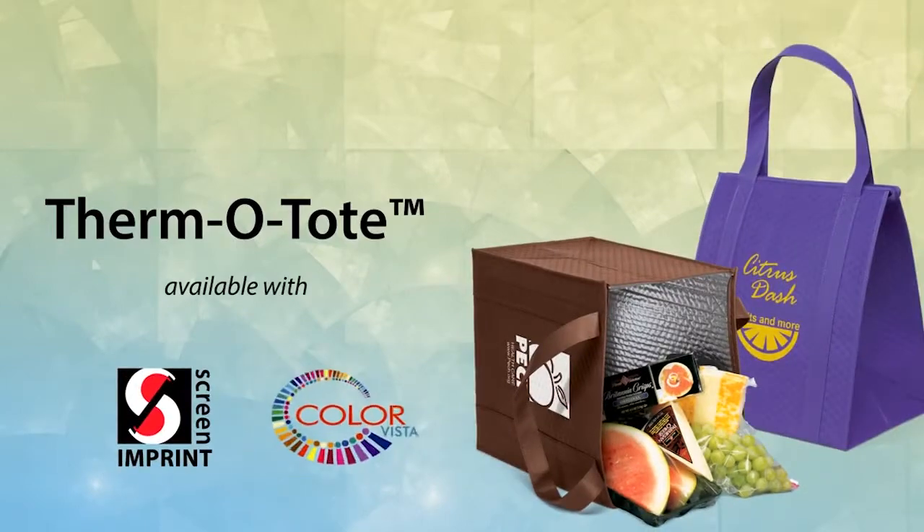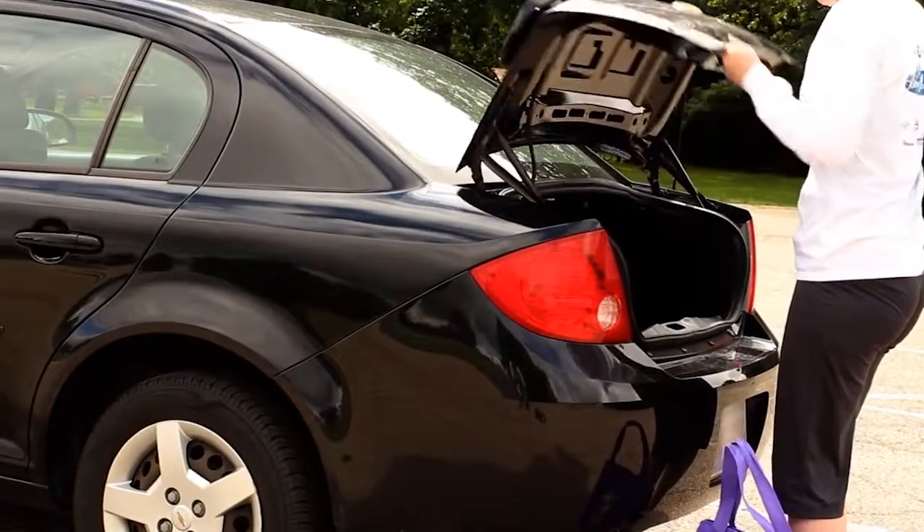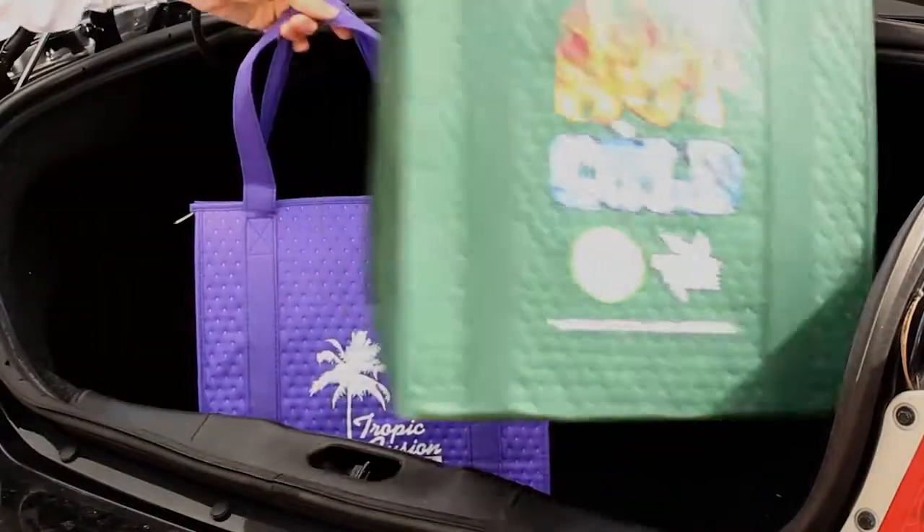Looking for a great way to keep your groceries, picnic, or beach items warm or cold? Let our Thermo Tote get the job done for you!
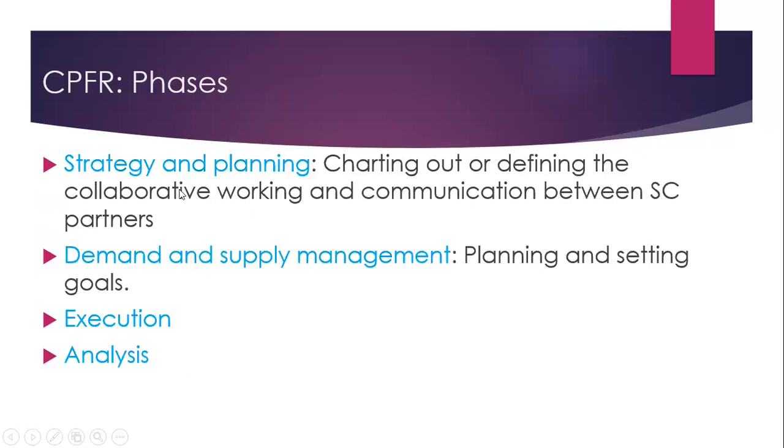The phases of CPFR include: first, strategy and planning, where collaborative working and communication between supply chain partners is defined. The next phase is demand and supply management, which involves planning and setting goals. Then comes the execution phase, followed by the analysis phase. This cycle is then repeated.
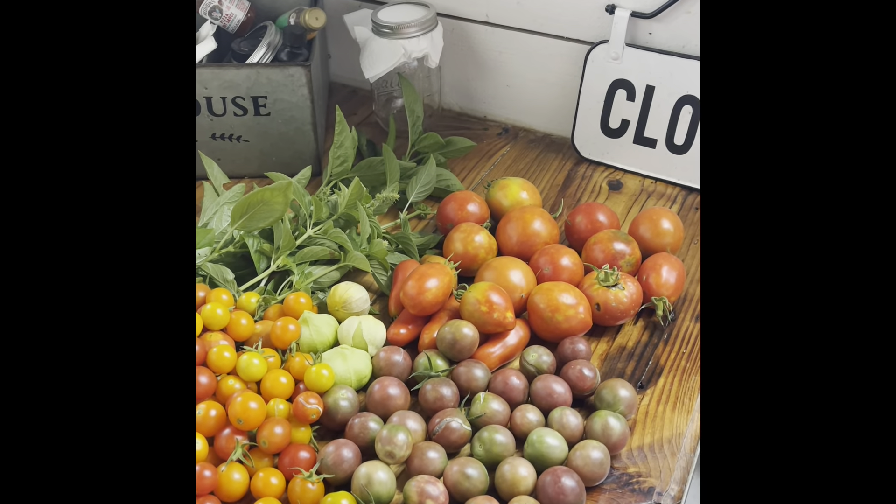Didn't get much today — I mean, we got a bunch, but it's mostly tomatoes, but that's okay. We will take tomatoes. We'll be right back.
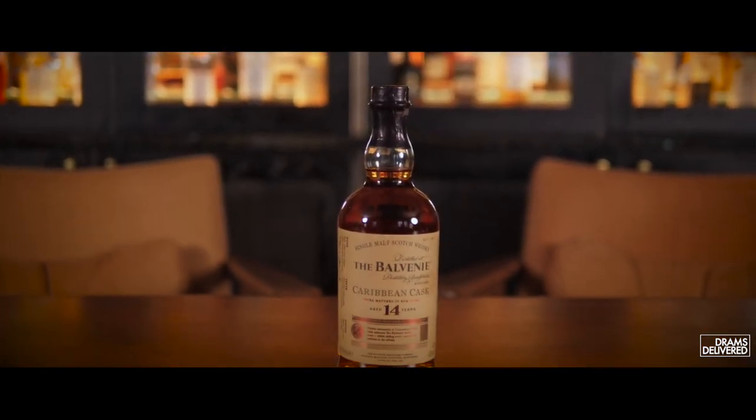Predominantly Balvenie was used for blending, but in 1973 they actually released their first single malt and it got quite a cult status quite quickly, with demand for Balvenie increasing. As a result, William Grant's built a third distillery on site called Caninvie, which is one that people don't really know anything about but it's taken on quite a lot of the blending demand, which means we can now get our hands on more Balvenie — which for me is a good thing.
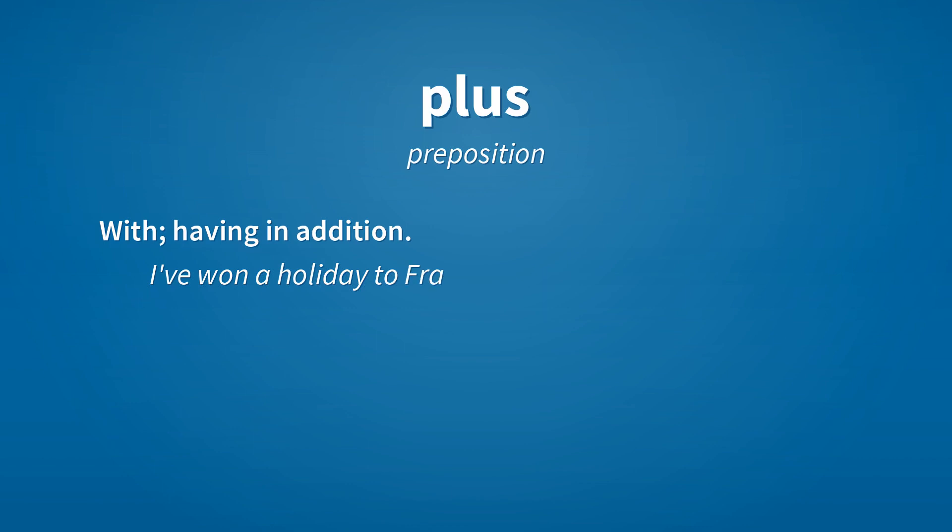Plus. Preposition: with, having an addition. Example: I've won a holiday to France plus 500 euros in spending money.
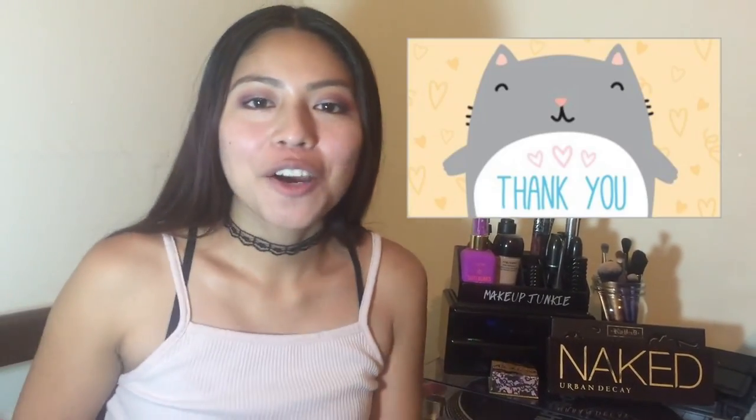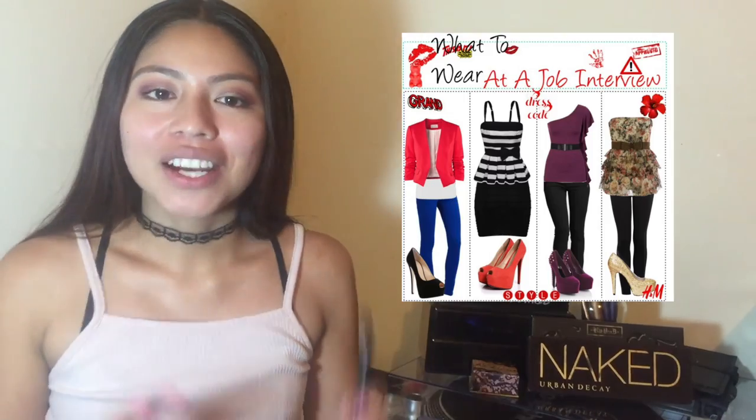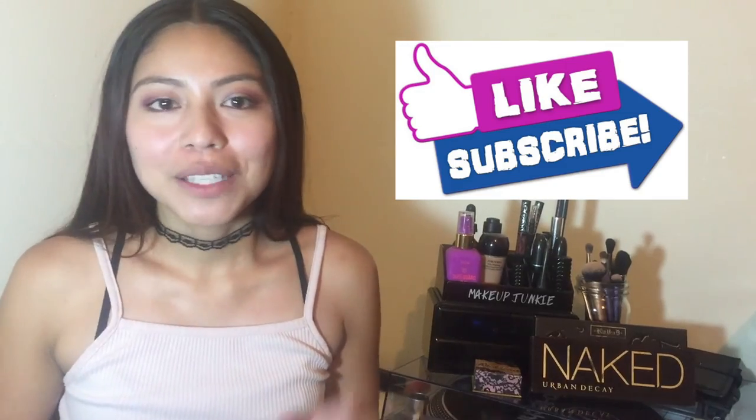Thank you so much for watching. I hope this video is really helpful and that I spoke clearly so you're not confused. I'll make another video about what to wear to the interview — it's helpful to know what to wear. If you liked this video, like it, subscribe, and leave a comment below. I want to know: did you guys get the job, or how did it go? Thank you so much. Bye!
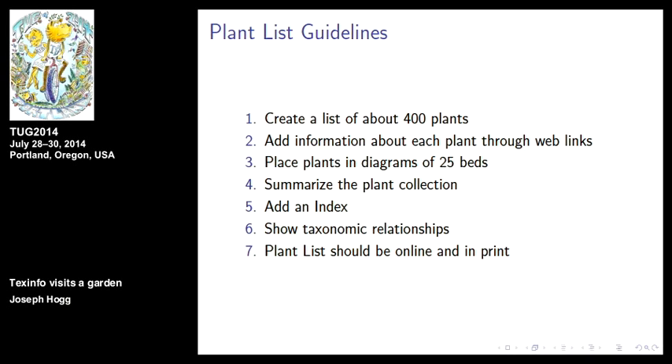There are 25 beds. We needed to place each plant with a marker in that bed. We need to summarize it. I wanted to add an index, and I wanted to show taxonomic relationships in the garden — and all those last three things are done by scripts. This project, besides TechInfo and Inkscape which I use for the diagrams, has become largely devoted to shell scripts to help manage this project. The plant list should be online, and it is, and it's also in print.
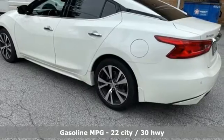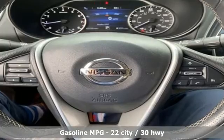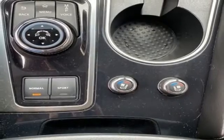Integrated navigation system. Remote engine start smart device. Front heated and ventilated leather bucket seats. Auto dimming rear view mirror. Memory exterior door mirror settings.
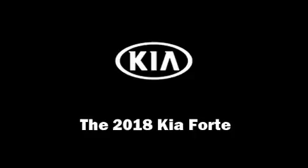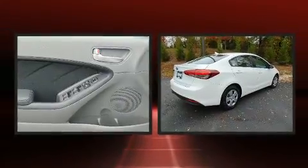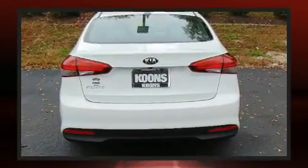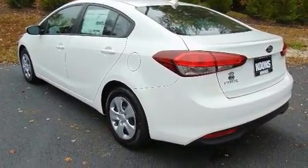Get excited about the 2018 Kia Forte. This four-door, five-passenger sedan is waiting for you to take home. It features a front-wheel drive platform, an automatic transmission, and a two-liter four-cylinder engine. Kia prioritized fit and finish as evidenced by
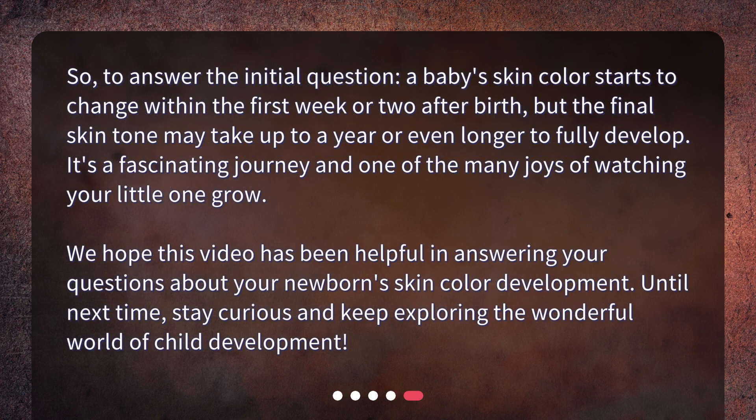So, to answer the initial question: a baby's skin color starts to change within the first week or two after birth, but the final skin tone may take up to a year or even longer to fully develop. It's a fascinating journey and one of the many joys of watching your little one grow. We hope this video has been helpful in answering your questions about your newborn's skin color development. Until next time, stay curious and keep exploring the wonderful world of child development.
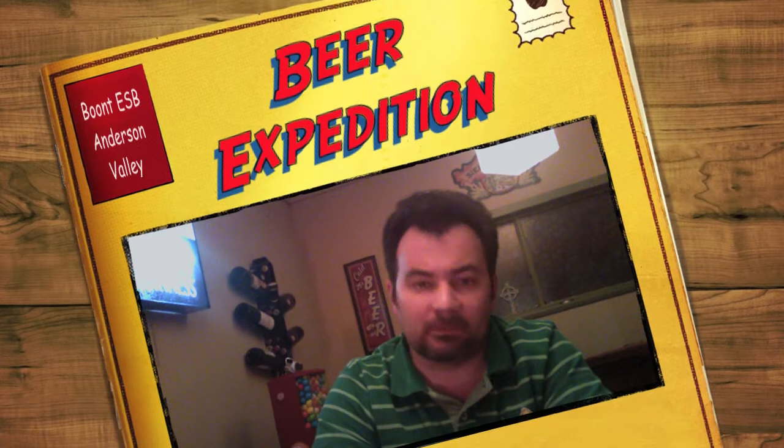Hello, it's me, Norm, again from MyBeerQuest.com, and we're on another beer expedition here, and we're going to explore some California beer this time.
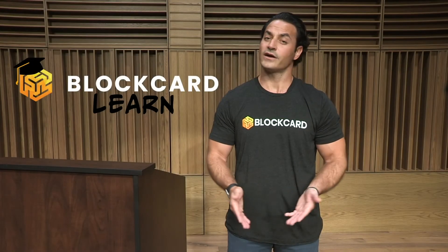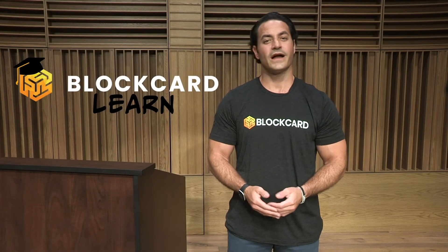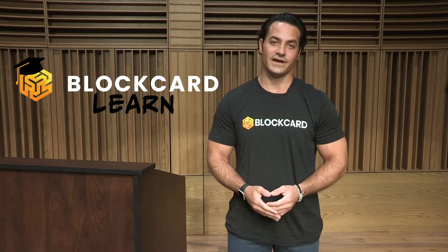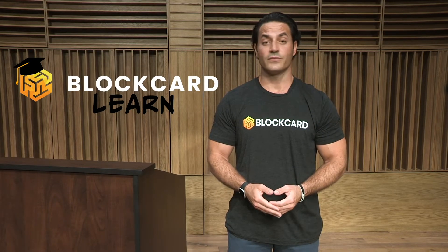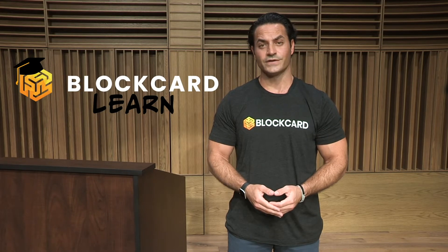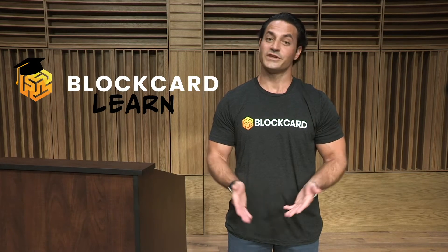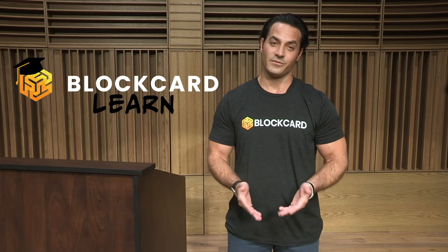I'm Dustin Plano, the host of the BlockCard Learn video series. Our BlockCard Learn video series is designed to provide a quick and easy to understand overview on some of the most popular coins, tokens and various digital assets available in today's crypto ecosystem. Thanks for watching, and please share these videos if you find them helpful.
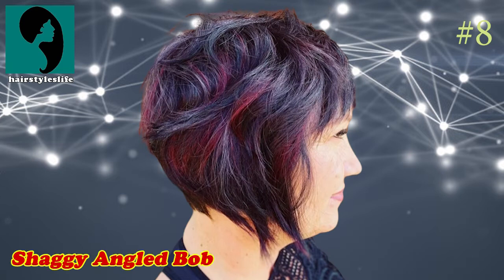Number 8: Shaggy Angled Bob. These days, in many pictures of female short haircuts, you'll see pops of color peeking through a natural base color. On this angled bob, burgundy highlights are a gorgeous contrast to dark hair.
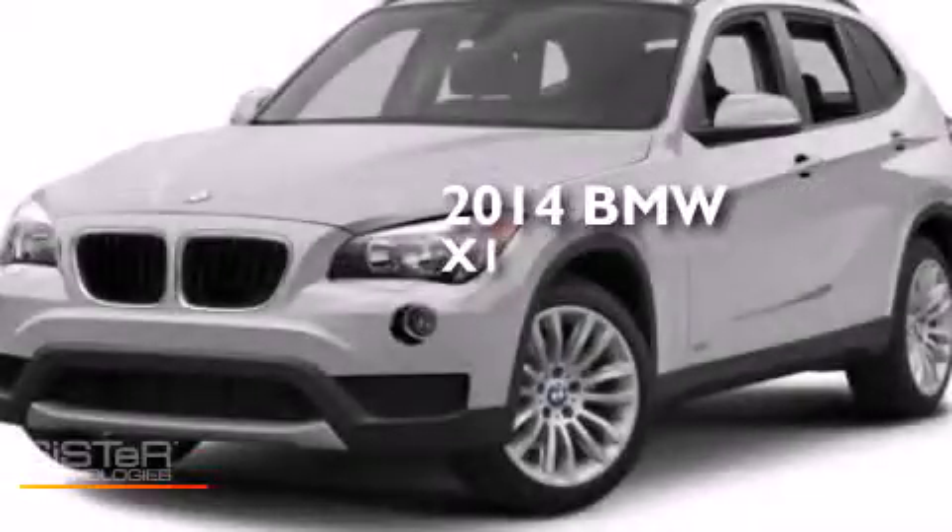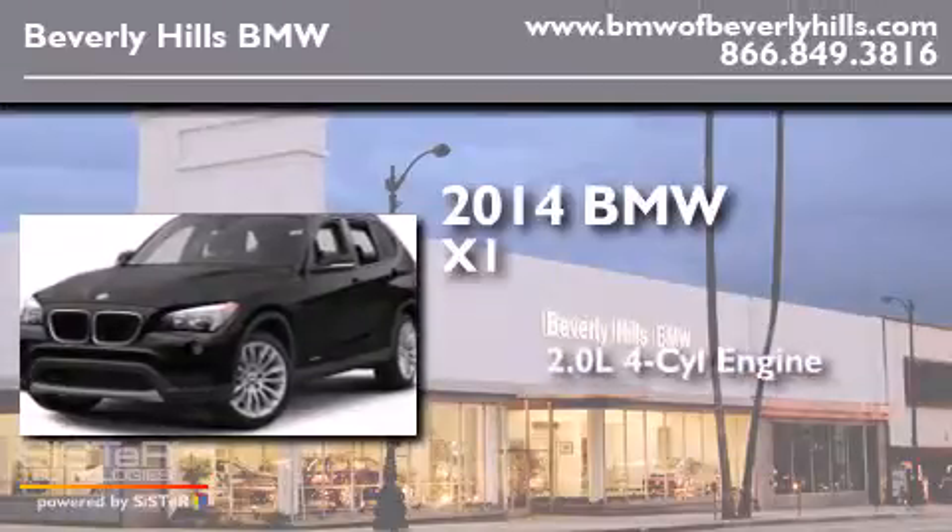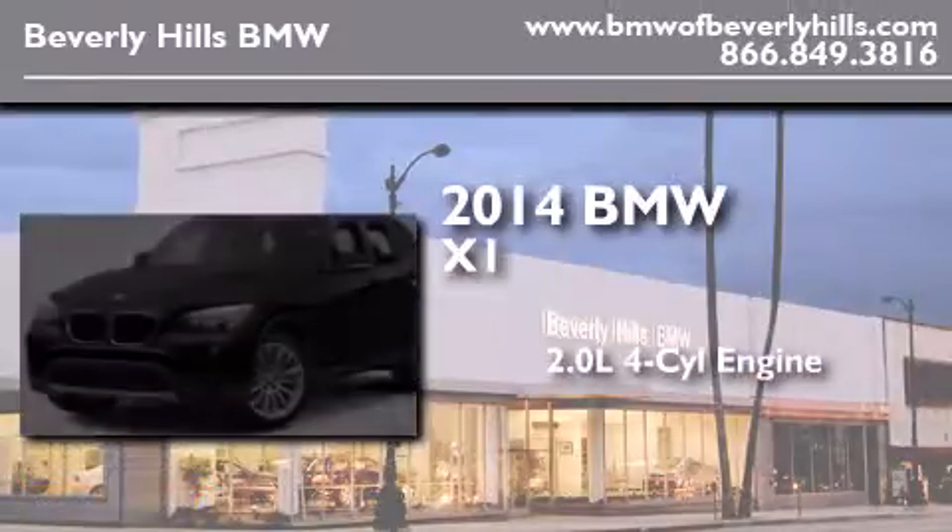This is a brand new 2014 BMW X1. It features a 2.0-liter four-cylinder engine and an automatic transmission.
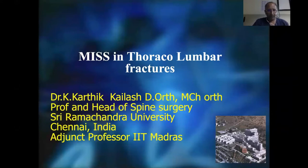Good morning to everybody. At the outset I'd like to thank the organizing group of IOCON and the SSI for giving me an opportunity to present a video lecture on percutaneous screws, pedicle screws, and the thoracolumbar fractures.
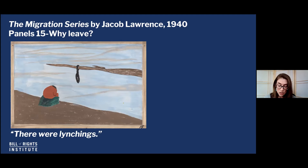Panel 15 is another incredibly significant push factor for many of these African Americans. This panel is very stark — there's just one figure, and you can see a noose on the tree. The caption for this panel is: 'There were lynchings.' Lynchings are basically a mob killing someone, typically by hanging, for an alleged offense. This was very common in the South during the Jim Crow era. African American men were basically at the mercy of these white mobs — horrific, awful mob violence with no recourse. Discrimination, segregation, and lynching were all part of these push factors.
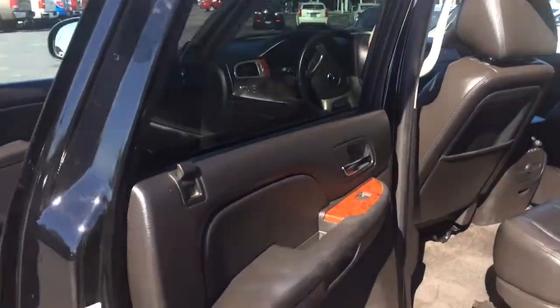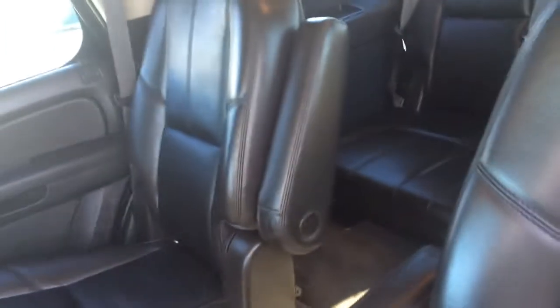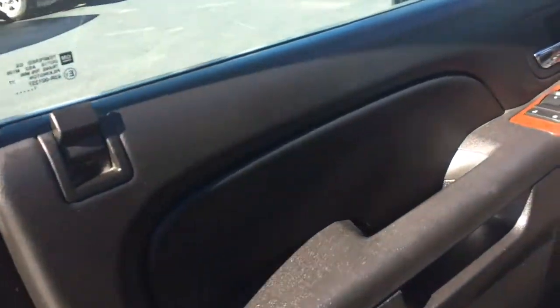The interior, of course, is leather. It has the captain's chairs here for the second row.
= = = = =
Exercise description:
Between and including the line above that contains "I'm Dustin Plano, the" and the line that contains "Good morning to", restate every line word for word. Pictures stay out.

Response to the task:
I'm Dustin Plano, the host of the BlockCard Learn video series. Our BlockCard Learn video series is designed to provide a quick and easy to understand overview on some of the most popular coins, tokens and various digital assets available in today's crypto ecosystem. Thanks for watching, and please share these videos if you find them helpful.
Number 8: Shaggy Angled Bob. These days, in many pictures of female short haircuts, you'll see pops of color peeking through a natural base color. On this angled bob, burgundy highlights are a gorgeous contrast to dark hair.
This is a brand new 2014 BMW X1. It features a 2.0-liter four-cylinder engine and an automatic transmission.
Good morning to everybody. At the outset I'd like to thank the organizing group of IOCON and the SSI for giving me an opportunity to present a video lecture on percutaneous screws, pedicle screws, and the thoracolumbar fractures.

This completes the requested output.